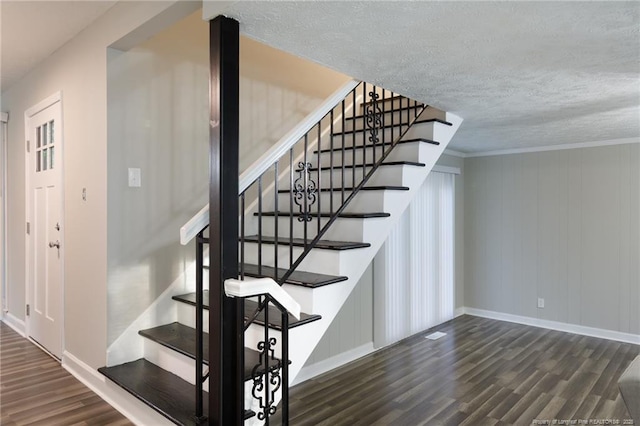 stairs with baseboards, a textured ceiling, and wood finished floors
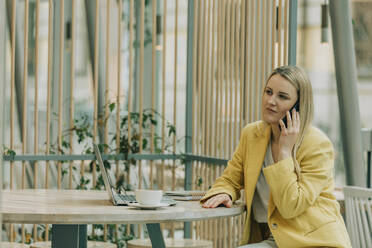 Geschäftsfrau, die in einem Café sitzt und mit ihrem Handy spricht - VSNF00596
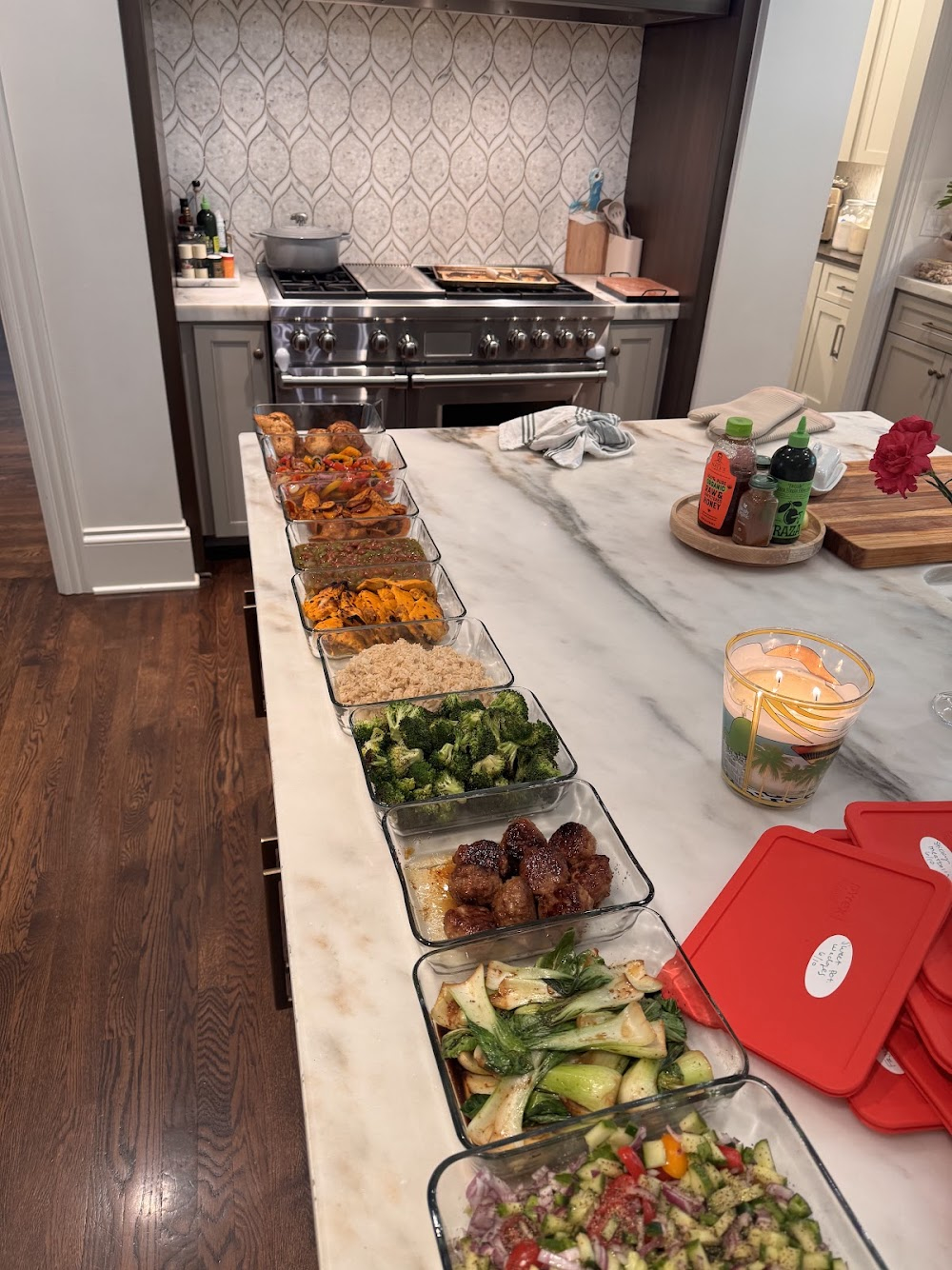 A full week of meal prep laid out on a marble island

> [Your assignment]
Copy out exactly, without any pictures, the lines above that begin at the one with "Geschäftsfrau, die in" and end at the last line of the listing.

> [Answer space]
 Geschäftsfrau, die in einem Café sitzt und mit ihrem Handy spricht - VSNF00596
 A full week of meal prep laid out on a marble island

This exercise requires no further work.